──────── STUDY MATERIAL

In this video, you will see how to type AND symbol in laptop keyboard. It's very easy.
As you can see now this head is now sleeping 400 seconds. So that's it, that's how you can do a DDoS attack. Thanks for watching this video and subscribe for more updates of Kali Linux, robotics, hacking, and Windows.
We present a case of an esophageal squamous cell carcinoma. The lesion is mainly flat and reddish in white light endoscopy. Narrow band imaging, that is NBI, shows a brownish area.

────────────────
──────── STUDY MATERIAL

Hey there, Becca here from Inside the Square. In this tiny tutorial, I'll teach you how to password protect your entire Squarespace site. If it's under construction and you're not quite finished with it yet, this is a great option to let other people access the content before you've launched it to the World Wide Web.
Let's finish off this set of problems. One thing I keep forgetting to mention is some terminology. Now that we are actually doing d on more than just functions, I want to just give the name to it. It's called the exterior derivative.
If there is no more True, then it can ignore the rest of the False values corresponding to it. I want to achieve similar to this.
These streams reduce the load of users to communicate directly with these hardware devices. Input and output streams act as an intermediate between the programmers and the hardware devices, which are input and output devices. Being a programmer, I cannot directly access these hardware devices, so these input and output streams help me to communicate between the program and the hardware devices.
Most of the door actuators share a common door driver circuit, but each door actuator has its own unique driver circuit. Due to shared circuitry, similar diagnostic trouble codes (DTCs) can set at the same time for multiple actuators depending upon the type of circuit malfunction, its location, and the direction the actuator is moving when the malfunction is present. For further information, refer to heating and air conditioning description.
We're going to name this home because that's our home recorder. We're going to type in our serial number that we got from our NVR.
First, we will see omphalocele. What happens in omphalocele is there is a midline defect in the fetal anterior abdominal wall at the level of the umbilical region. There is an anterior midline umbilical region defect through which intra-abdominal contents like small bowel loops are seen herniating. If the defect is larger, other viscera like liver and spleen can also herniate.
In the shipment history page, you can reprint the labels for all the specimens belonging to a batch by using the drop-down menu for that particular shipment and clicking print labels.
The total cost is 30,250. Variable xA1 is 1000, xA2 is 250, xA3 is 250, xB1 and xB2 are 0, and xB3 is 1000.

────────────────
──────── STUDY MATERIAL

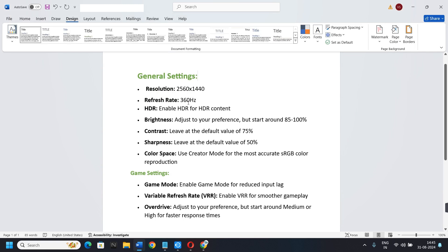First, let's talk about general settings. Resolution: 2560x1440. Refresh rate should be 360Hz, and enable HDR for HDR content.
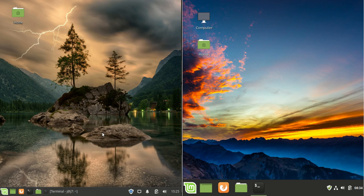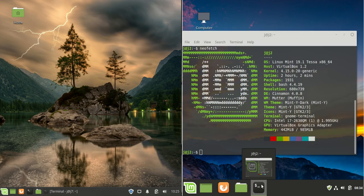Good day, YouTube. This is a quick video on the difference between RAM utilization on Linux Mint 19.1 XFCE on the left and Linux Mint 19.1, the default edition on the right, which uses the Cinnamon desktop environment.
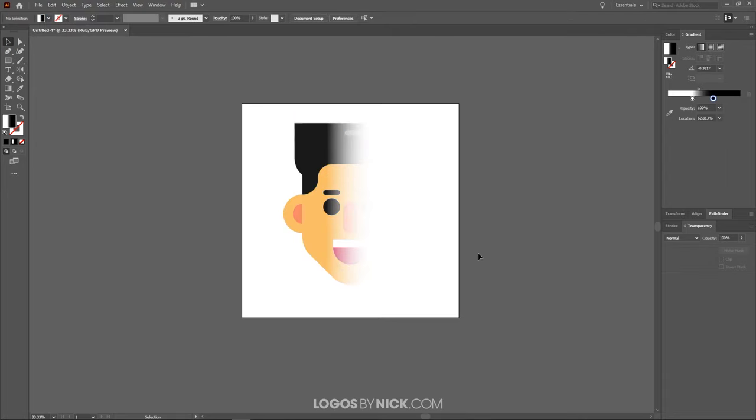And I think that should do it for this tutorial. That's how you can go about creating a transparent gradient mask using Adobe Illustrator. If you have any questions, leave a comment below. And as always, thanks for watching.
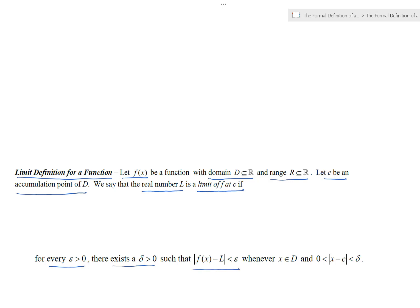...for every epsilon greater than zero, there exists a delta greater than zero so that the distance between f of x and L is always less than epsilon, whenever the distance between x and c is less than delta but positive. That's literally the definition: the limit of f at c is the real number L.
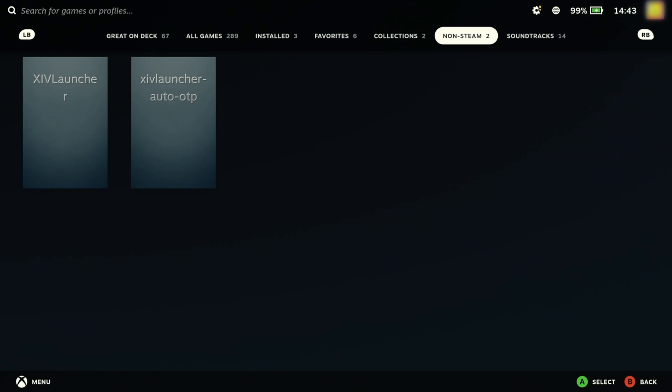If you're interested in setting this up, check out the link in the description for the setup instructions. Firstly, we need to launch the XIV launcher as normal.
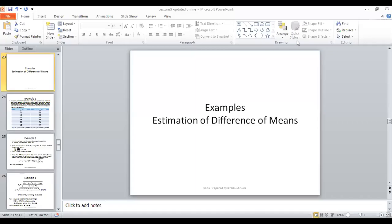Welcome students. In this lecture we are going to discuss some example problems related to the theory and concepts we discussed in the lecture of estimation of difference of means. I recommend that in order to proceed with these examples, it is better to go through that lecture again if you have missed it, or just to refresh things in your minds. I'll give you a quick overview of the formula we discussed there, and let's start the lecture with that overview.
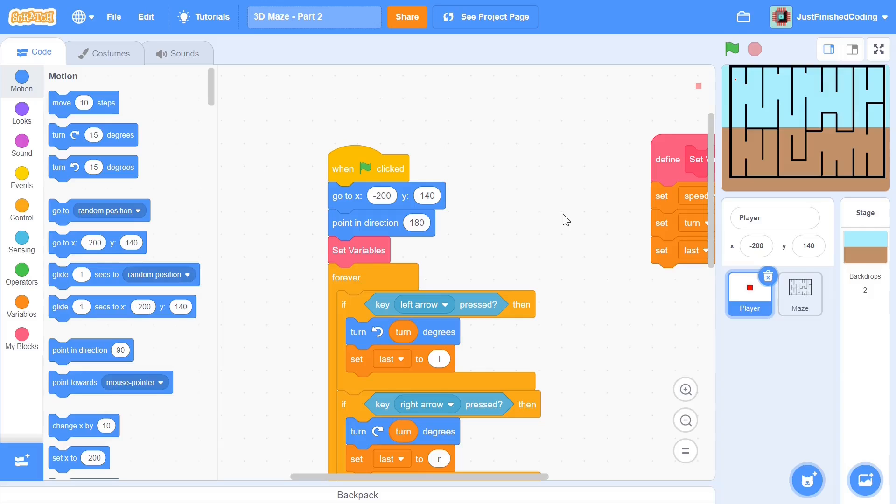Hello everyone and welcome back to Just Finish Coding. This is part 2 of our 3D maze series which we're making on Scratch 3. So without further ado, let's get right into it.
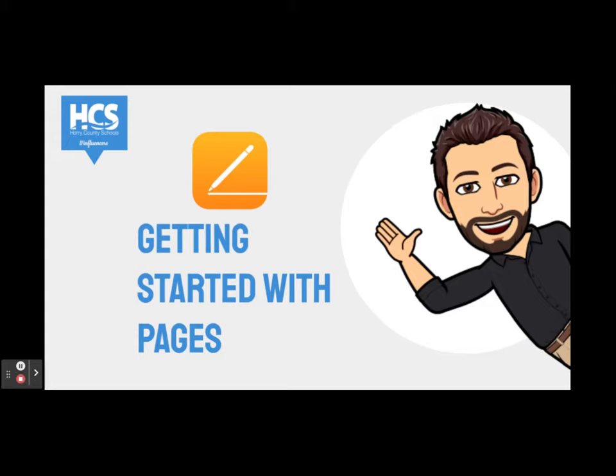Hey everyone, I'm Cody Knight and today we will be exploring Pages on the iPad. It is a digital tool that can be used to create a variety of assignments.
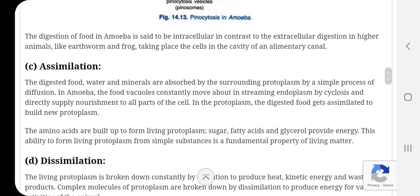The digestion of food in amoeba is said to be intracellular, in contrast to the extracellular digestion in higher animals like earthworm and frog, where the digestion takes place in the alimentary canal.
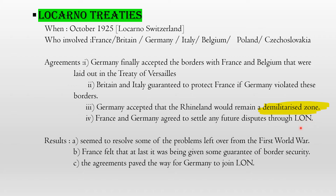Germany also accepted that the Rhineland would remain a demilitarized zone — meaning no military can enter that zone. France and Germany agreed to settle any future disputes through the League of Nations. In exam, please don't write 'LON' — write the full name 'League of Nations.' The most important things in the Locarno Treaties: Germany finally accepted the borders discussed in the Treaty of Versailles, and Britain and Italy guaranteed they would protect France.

────────────────

Look above for the line holding "Hey there, Becca", then set down exactly that line and every line after it up to and including the line holding "Most of the", with nothing else.

Hey there, Becca here from Inside the Square. In this tiny tutorial, I'll teach you how to password protect your entire Squarespace site. If it's under construction and you're not quite finished with it yet, this is a great option to let other people access the content before you've launched it to the World Wide Web.
Let's finish off this set of problems. One thing I keep forgetting to mention is some terminology. Now that we are actually doing d on more than just functions, I want to just give the name to it. It's called the exterior derivative.
If there is no more True, then it can ignore the rest of the False values corresponding to it. I want to achieve similar to this.
These streams reduce the load of users to communicate directly with these hardware devices. Input and output streams act as an intermediate between the programmers and the hardware devices, which are input and output devices. Being a programmer, I cannot directly access these hardware devices, so these input and output streams help me to communicate between the program and the hardware devices.
Most of the door actuators share a common door driver circuit, but each door actuator has its own unique driver circuit. Due to shared circuitry, similar diagnostic trouble codes (DTCs) can set at the same time for multiple actuators depending upon the type of circuit malfunction, its location, and the direction the actuator is moving when the malfunction is present. For further information, refer to heating and air conditioning description.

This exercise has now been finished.